#4 脱出
「めぐ、無事でよかった」
サチは小道にへたり込んでいた巡璃の前にしゃがみ、その両手を握る。
温もりのある、柔らかくて小さな手。サチの記憶の中にある巡璃そのものだ。巡璃が『神経』に殺される前まで当たり前に側にあって、その後は二度と触れることが叶わなかった幼い妹の手を握ると、サチは思わず涙があふれそうになる。
「おねえちゃん?」
「そうだよ。おねえちゃんだよ。おねえちゃんね、強くなったの。めぐを守れるくらいになったんだ……!」
サチは顔を伏せた。
涙があふれるのを抑えることができない。今日この時を、サチはどれだけ待ち望んだだろうか。目の前で殺された両親と妹。
その命が失われる様を何度夢に見てきたであろうか。
何度、力を持たなかったことを後悔しただろうか。
ついにサチはその悪夢を、覆すことができたのだ。
この世界は現実ではない。現実ではないからこそ、可能なこともある。サチは殺された家族の復讐のために魔奏士を目指し、そしてそれを夢の中で叶えた。
涙をぬぐい、サチは顔を上げた。そこには自分が守った巡璃の、あの笑顔が――――
なかった。
サチは巡璃の手を離し、木道に尻もちをつく。巡璃の顔は、あの二貌のピエロマスクに変化していたのだ。

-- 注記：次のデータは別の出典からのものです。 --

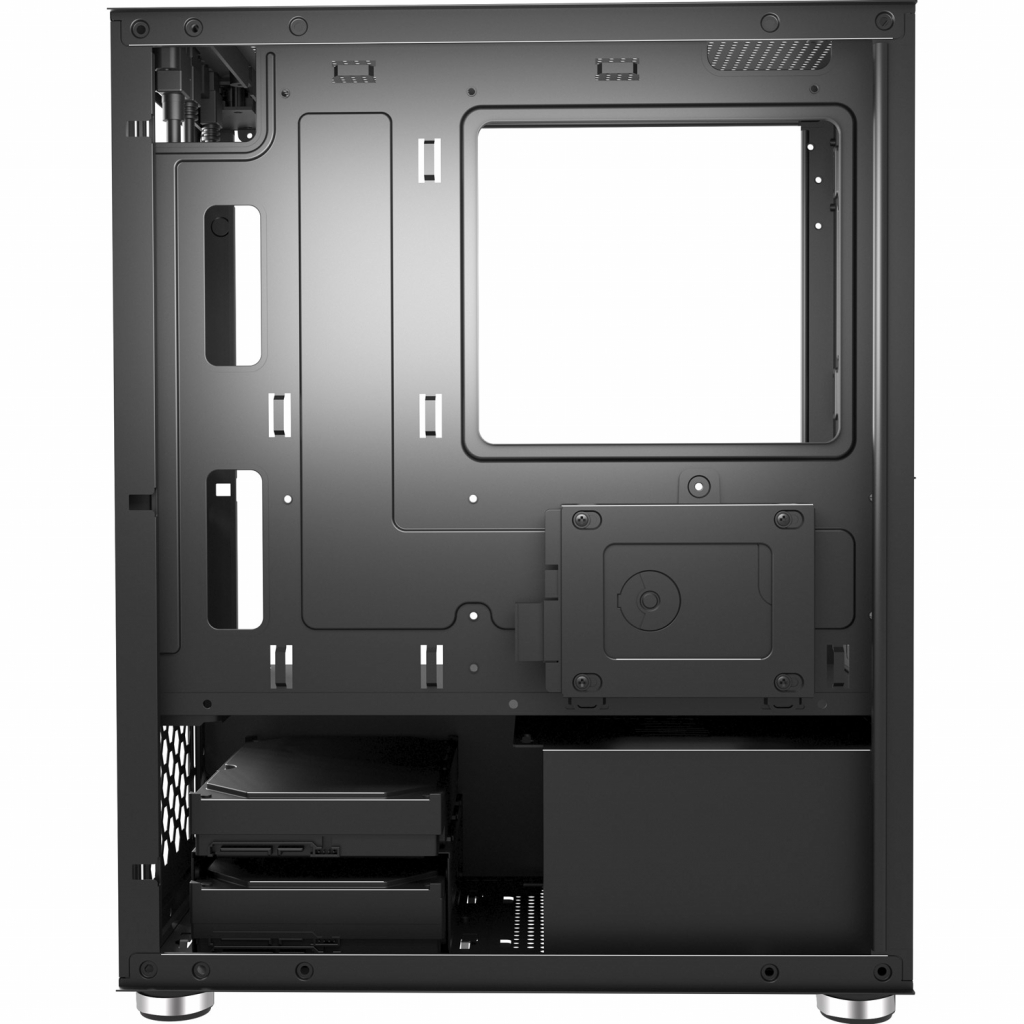 Корпус 1stPlayer B4-M-1A2 - 4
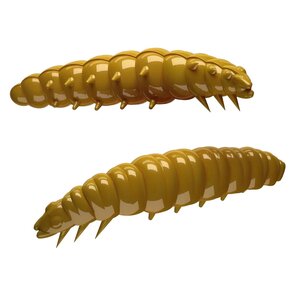 Przynęta LIBRA LURES Larva 3.5 cm Coffee Milk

「けっけっけ! よぉくオレ様の悪夢を払ったな。褒めてやるぜ! でも、オレはもう目的の第一段階は達成したぜェ? 残念だったな!」
「なっ……⁉」
「冥途の土産に教えてやるよ! オレの目的は、お前の記憶の中から『臓物』を呼び出すことだったのさァ!」
気配を感じて、サチが振り返る。
泥の中から、切り伏せたはずの『魔女の神経』がまたも飛び出した。
「オレが有用に、使わせてもらうぜ!」
きゃきゃきゃと笑うピエロマスクに合わせて、泥の中から次々と『神経』がその触手を出し、くねくねと不気味なダンスを始めた。
カーニバルというにはあまりにも赤黒い、グロテスクなパーティだ。
「サチ!」
両腕の魔導プラズマキャノンを発射しながら、小道をムツミが走ってくる。
『神経』を一撃で焼き払うプラズマキャノンだが、ピエロマスクの操る『神経』は無尽蔵だ。サチはムツミと合流できたものの、周囲を囲まれかなり絶望的な状況である。

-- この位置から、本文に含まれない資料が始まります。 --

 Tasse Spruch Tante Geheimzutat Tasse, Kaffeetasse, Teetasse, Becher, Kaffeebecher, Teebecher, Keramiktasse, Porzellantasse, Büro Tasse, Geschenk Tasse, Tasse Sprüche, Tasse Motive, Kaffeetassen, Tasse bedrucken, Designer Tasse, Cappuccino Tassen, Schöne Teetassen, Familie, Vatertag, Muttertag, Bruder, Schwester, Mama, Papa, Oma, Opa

「言っとくがな、そいつらはもうオマエの夢の産物じゃネェ。オレ様が、オマエの夢を完全に支配してるんだからなァ!
つまりは、そいつらに食われればオマエは死ぬ。現実みてェになァ!」
「くっ……!」
「くきゃきゃきゃきゃッ! オマエが死んでから、ゆっくりその『剣の舞』も回収させてもらうぜェ!」
ぼふん、と煙を出して、ピエロマスクが消失した。
一緒に巡璃とサチの両親も消えている。その場には背中合わせになったサチとムツミ、そして倒しても倒しても無限に沸いてくる『神経』が残された。
「ムツミ。加速の魔奏で逃げられないかな」
「おそらく無駄でしょう。どこまで逃げても、あのピエロマスクが夢の世界を支配している以上、逃れる方法はありません」
「だよね……どうしよう」
「自爆を含めたあらゆる戦闘パターンを計算しましたが、助かる方法はありません」
「……ムツミがいてくれて心強いような、不安なような。不思議な気持ちだよ」
状況は絶望的。だが、不思議とサチはまだ死ぬ気がしなかった。
一度は諦めた命。セナやクローディア、そしてムツミや仲間たちに繋いでもらった希望は、まだサチの胸に宿っている。
どうせ死ぬなら、最後まで抗ってやる――――サチが「剣の舞」を握りしめた、その瞬間だった。
ばりん。
空にヒビが入った。
見上げるサチとムツミの前で、どんどんと広がっていくヒビ。ここは訓練室だったっけ?とサチが思ったとき。空が割れて、人影が飛び出した。
「えっ、会長⁉」
レイピアを手に、小道にすたっと降り立つ生徒会長、ヘレナ・ロアノール。
迫る『神経』の触手を横薙ぎに切り払うと、空間ごと『神経』は切り裂かれて消滅した。
「貴女たち。怪我はない?」
「は、はいっ」
敵を斬って作られた空間の裂け目を跨ぐヘレナ。
振り向くこともなく、背を向けたままヘレナはサチに問いかけた。
「このふざけた世界で死ぬか、私に手を貸すか。選びなさい、サチ・ホシノ」
「そんなの、決まってます!」
サチとムツミはヘレナを追いかけて、夢の世界を脱出した。